The paradox of Van Valkenburg’s handiwork is that by formulating a metric that eschews any knowledge whatsoever of points scored, he in fact created the perfect conditions under which scoring margin, adjusted for strength of schedule, could and has become a surpassingly powerful evaluative tool. But those of us who use that tool should acknowledge the analytic free ride we’ve been given, courtesy of Van Valkenburg. The stats we’re able to deploy in 2012 are great at evaluating teams — but the only teams we’ve ever been able to evaluate have been ones striving to look good to Jim Van Valkenburg, and not to us.

One of the criticisms offered by RPI proponents is that accounting for margin of victory encourages running up the score. While I think this is largely overstated as a sportsmanship concern, and the true opportunities to “run up the score” are few and far between once we get past the largely disparate matchups early in the non-conference, it is true that teams are not incentivized to maintain the level of their leads late. Teams optimize winning, whereas if they knew margin matters, they may work harder to maintain that 18 point lead late, rather than put in the walk-on with 90 seconds left.

I’ve got a proposal, though, that would maintain that “striving to look good to Van Valkenburg” motive, while still accounting for scoring margin. I personally don’t believe that we should just select teams based on efficiency stats or scoring margin. Teams that win key games should be rewarded, even if our efficiency numbers say they should be a few slots below the team they beat.
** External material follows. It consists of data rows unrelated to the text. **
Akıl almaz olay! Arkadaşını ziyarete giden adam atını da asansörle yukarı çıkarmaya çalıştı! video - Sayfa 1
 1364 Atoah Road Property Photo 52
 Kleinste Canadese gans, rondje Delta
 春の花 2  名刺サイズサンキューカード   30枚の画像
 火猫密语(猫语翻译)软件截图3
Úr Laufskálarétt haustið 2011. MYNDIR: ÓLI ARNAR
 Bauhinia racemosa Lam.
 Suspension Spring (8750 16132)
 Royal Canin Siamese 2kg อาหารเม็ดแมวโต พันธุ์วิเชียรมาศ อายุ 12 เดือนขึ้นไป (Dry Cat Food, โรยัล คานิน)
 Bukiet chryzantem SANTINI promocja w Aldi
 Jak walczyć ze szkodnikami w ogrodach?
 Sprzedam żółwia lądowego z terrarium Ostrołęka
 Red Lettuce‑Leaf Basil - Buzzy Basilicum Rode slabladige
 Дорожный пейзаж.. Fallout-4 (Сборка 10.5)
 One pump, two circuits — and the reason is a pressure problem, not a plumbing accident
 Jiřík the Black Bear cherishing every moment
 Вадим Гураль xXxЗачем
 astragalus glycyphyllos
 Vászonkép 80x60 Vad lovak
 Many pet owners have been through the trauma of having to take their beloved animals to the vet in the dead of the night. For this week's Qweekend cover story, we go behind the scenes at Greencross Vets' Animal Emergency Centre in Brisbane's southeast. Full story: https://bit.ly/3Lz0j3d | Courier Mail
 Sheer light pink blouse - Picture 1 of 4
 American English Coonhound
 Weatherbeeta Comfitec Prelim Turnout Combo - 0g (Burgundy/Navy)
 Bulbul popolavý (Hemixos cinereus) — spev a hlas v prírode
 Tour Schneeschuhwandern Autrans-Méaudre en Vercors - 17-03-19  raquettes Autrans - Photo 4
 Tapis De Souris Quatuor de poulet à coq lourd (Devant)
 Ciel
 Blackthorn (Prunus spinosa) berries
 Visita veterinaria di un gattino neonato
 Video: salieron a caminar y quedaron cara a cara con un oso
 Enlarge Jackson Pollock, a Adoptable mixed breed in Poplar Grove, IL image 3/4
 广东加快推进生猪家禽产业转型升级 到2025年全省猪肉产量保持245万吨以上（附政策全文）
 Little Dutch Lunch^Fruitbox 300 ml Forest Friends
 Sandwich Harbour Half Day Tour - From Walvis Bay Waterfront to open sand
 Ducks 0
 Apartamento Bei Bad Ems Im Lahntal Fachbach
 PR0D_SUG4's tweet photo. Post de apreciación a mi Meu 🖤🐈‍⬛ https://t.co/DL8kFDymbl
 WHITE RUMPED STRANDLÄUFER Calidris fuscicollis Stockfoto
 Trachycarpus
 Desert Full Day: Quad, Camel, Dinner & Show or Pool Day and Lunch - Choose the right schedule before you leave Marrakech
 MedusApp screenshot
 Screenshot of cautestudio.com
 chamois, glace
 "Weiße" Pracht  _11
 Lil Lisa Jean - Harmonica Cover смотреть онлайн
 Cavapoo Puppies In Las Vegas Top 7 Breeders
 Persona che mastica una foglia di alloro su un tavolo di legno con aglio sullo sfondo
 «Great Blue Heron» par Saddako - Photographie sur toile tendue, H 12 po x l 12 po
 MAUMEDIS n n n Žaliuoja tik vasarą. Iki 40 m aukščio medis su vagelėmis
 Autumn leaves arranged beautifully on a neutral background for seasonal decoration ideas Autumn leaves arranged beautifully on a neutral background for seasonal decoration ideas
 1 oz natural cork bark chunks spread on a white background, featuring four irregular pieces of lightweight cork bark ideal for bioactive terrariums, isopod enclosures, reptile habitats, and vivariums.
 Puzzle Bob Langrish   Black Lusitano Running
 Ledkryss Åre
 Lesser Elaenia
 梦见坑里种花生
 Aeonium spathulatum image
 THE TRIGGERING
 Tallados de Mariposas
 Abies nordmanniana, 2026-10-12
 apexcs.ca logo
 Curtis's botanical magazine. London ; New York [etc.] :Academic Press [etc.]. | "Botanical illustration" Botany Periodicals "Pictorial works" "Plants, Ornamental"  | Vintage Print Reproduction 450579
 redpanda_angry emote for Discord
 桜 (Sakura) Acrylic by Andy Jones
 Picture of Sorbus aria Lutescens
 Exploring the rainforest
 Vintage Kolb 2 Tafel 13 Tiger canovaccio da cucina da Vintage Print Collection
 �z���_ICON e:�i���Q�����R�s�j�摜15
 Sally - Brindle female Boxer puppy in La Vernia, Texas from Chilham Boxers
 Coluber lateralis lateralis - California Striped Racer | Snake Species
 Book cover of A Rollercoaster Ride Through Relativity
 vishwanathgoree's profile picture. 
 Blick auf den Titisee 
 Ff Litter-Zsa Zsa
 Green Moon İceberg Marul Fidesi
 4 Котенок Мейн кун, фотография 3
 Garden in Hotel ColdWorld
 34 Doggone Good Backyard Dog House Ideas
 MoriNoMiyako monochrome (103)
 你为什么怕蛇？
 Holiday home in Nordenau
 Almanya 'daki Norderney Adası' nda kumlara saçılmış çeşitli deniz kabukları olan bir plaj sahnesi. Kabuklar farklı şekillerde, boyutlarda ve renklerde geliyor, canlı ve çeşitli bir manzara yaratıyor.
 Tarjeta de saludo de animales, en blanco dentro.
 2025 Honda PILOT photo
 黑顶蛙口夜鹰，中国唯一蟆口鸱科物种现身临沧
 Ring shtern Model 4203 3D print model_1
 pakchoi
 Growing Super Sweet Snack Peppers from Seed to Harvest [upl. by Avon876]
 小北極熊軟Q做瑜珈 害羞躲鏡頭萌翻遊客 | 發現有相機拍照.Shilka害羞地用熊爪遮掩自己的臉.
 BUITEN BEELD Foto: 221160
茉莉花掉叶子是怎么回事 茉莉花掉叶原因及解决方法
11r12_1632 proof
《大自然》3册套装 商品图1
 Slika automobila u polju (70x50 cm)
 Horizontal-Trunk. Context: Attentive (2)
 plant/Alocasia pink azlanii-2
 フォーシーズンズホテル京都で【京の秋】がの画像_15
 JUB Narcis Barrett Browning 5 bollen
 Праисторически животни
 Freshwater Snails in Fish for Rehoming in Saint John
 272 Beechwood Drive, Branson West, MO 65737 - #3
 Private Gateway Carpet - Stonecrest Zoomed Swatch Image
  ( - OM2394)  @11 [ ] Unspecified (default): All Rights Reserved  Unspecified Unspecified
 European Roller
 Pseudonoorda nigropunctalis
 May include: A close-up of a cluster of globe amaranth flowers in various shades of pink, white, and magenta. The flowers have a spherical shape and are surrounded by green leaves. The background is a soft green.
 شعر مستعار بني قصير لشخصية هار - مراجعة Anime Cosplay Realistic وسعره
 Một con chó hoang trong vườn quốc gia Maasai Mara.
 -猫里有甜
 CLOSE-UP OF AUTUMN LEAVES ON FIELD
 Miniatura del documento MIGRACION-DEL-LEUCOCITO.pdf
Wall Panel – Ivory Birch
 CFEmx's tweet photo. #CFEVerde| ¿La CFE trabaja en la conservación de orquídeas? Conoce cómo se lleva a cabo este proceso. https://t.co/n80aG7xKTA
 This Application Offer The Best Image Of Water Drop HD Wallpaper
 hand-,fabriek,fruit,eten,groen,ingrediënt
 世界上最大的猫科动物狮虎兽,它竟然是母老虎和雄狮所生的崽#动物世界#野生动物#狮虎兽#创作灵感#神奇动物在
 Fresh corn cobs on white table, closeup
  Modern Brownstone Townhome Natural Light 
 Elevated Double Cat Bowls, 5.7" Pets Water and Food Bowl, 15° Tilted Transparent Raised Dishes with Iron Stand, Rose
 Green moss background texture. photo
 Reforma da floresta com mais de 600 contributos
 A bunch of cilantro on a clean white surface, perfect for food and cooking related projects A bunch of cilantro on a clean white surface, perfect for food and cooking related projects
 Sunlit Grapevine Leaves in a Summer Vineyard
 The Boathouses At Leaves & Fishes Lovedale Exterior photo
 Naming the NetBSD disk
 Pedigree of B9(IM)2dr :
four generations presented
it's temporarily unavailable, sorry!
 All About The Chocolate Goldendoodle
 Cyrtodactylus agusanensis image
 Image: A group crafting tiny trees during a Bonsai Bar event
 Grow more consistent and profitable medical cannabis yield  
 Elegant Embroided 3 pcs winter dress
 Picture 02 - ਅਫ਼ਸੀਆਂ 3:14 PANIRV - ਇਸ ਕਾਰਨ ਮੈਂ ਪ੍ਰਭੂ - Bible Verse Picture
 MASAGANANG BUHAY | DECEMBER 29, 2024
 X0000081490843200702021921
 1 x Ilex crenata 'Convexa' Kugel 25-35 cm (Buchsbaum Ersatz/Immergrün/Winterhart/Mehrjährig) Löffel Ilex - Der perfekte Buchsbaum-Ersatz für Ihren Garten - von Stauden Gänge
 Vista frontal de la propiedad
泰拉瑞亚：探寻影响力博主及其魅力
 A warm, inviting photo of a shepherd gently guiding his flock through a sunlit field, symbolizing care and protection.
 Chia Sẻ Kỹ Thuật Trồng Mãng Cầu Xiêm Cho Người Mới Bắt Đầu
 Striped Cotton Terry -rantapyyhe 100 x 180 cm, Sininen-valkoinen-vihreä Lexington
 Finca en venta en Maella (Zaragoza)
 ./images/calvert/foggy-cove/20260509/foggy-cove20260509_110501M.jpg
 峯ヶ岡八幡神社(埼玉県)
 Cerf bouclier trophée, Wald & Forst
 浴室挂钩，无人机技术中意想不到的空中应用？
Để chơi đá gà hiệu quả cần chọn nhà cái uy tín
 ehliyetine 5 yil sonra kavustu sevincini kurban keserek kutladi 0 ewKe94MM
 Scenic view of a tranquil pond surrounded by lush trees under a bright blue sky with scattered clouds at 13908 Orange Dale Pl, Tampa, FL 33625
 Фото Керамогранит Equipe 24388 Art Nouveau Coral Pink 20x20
My issue with the RPI is that it is a bad system for measuring which wins were actually quality. As I said previously, it’s like the whisper game, and you’re looking several iterations down to determine what is a good win. And despite what the committee says, wins over Top 20, Top 50, etc. RPI teams matter.

So my proposal is this. Use the efficiency stats, and much like Norlander’s post above, use as many quality ones as possible to minimize outliers. Then use those rankings, and not the RPI, to determine which wins are good, which losses are bad, and everywhere in between. The result is that the teams that are seeded higher than their efficiency rankings will have earned those spots by proving they can beat the best teams, and not through some three-level shell game.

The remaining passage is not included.